**Aim of the task**
Please repeat only the lines below starting at the line that holds "balança de precisão" and ending at the line that holds "Google 구조화 데이터", exactly, with both of those lines included and every picture omitted.
-- Opening Marker --
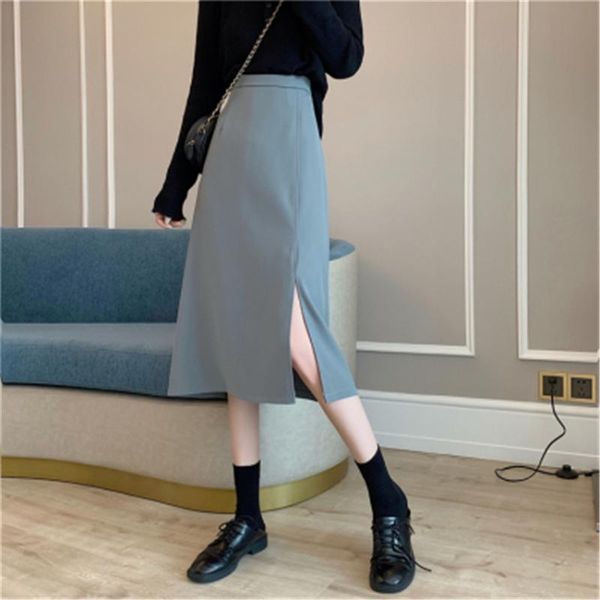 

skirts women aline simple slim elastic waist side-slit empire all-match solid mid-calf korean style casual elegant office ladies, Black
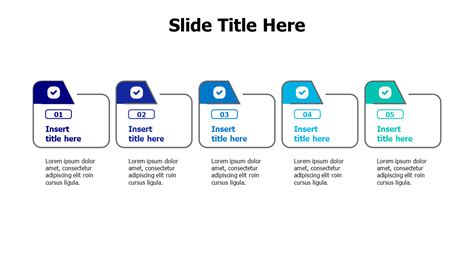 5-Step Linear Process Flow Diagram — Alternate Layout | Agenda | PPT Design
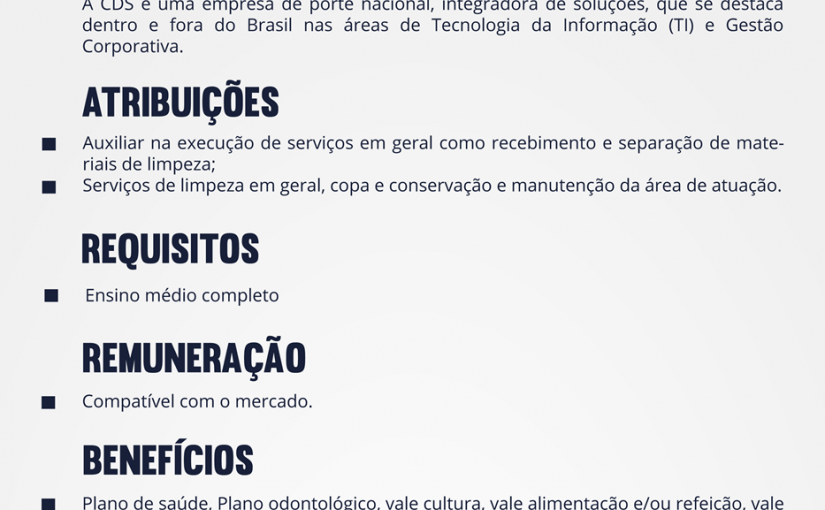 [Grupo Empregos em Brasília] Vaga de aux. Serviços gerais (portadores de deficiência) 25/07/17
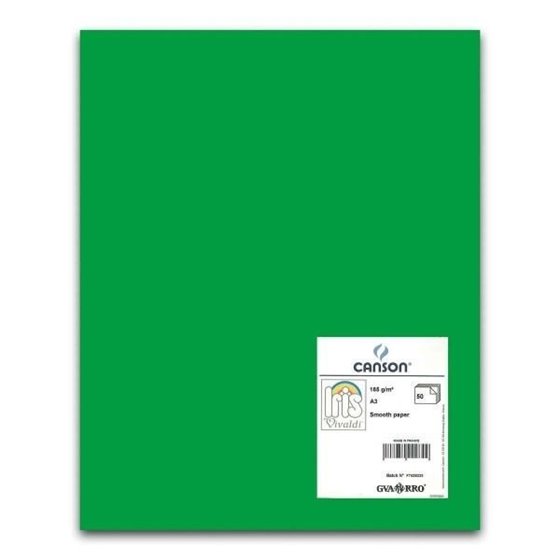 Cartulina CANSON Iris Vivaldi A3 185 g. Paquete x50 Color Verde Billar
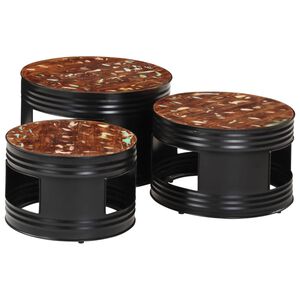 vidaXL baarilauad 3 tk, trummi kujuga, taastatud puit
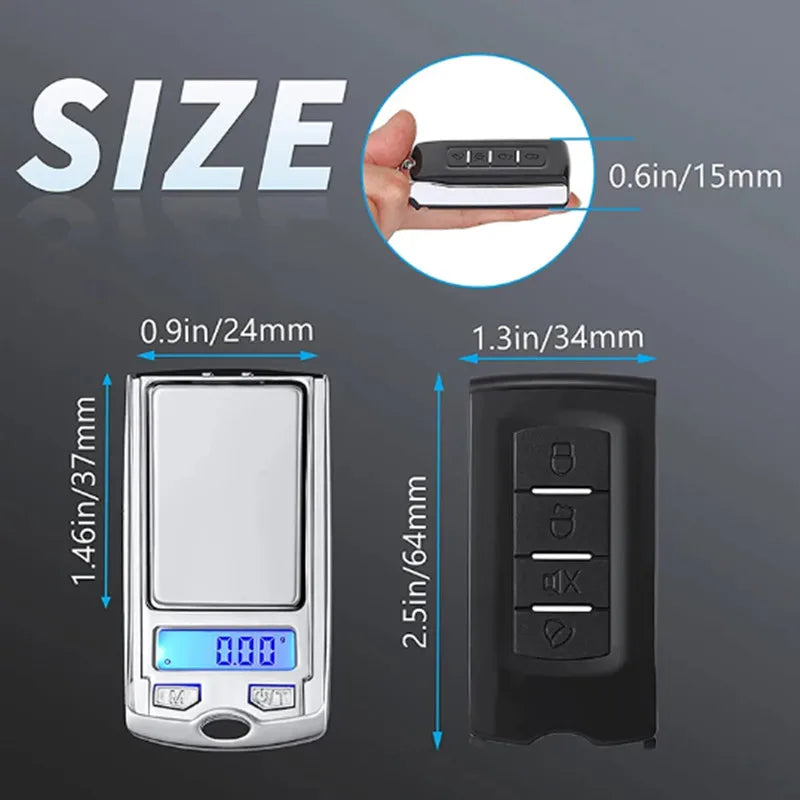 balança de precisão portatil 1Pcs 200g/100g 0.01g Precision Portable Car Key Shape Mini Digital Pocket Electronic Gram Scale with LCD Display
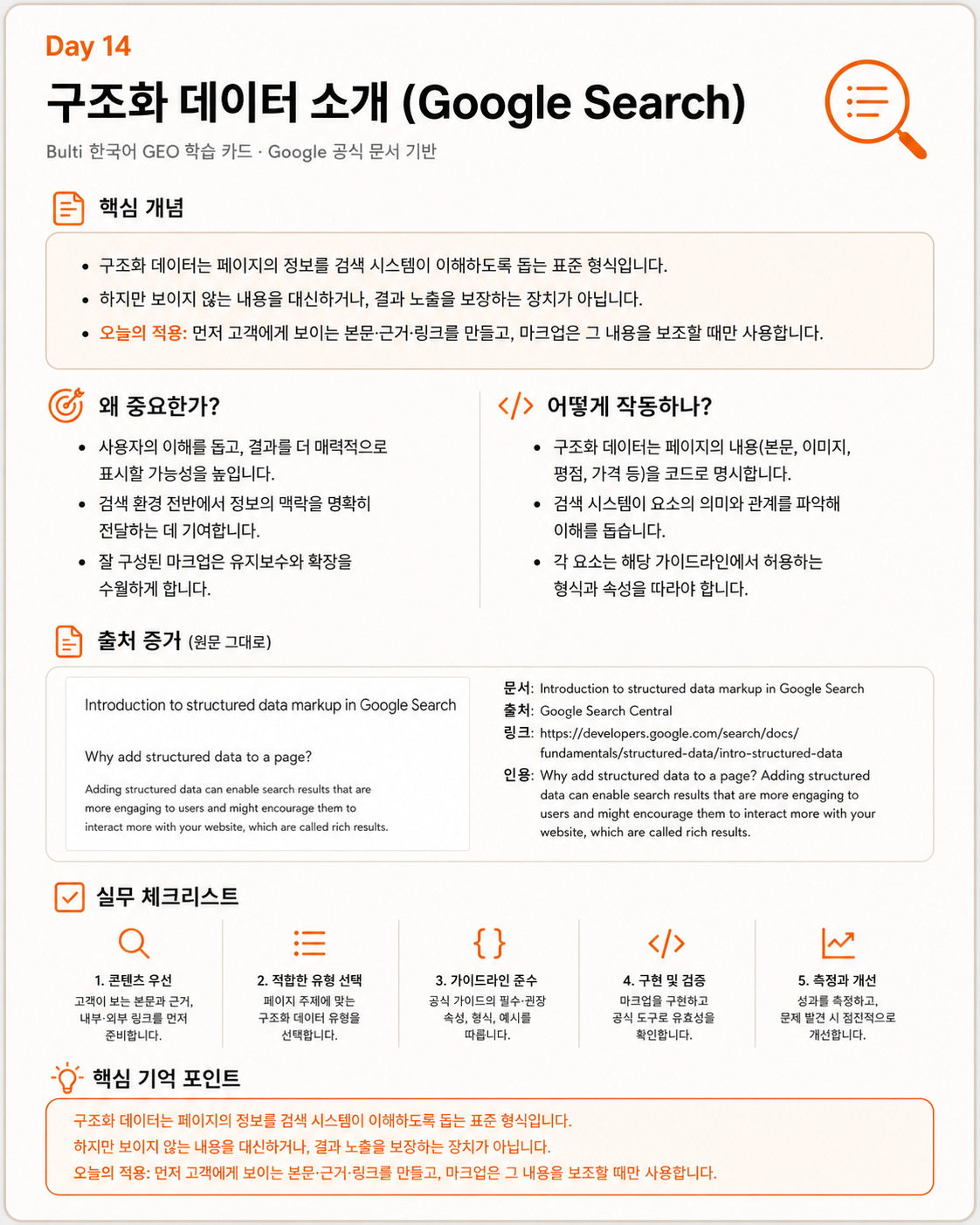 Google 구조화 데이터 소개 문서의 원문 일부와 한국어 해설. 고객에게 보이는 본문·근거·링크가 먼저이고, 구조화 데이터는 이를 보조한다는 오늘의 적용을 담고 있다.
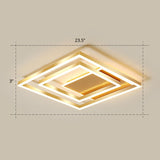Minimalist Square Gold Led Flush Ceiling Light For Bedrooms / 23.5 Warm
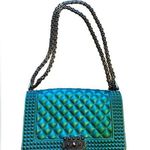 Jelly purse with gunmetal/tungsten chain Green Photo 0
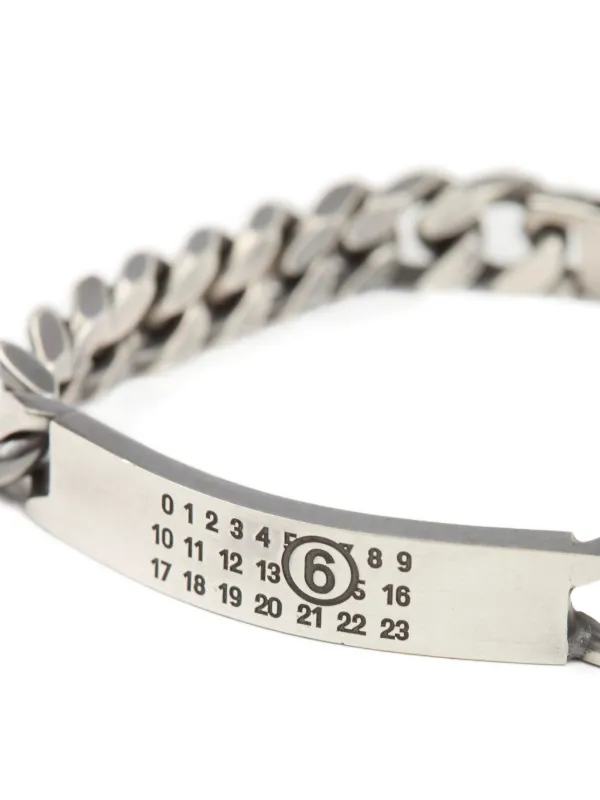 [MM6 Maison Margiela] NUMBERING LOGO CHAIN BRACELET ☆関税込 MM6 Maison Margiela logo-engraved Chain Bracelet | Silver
-- Closing Marker --
**Problem solution**
 balança de precisão portatil 1Pcs 200g/100g 0.01g Precision Portable Car Key Shape Mini Digital Pocket Electronic Gram Scale with LCD Display
 Google 구조화 데이터 소개 문서의 원문 일부와 한국어 해설. 고객에게 보이는 본문·근거·링크가 먼저이고, 구조화 데이터는 이를 보조한다는 오늘의 적용을 담고 있다.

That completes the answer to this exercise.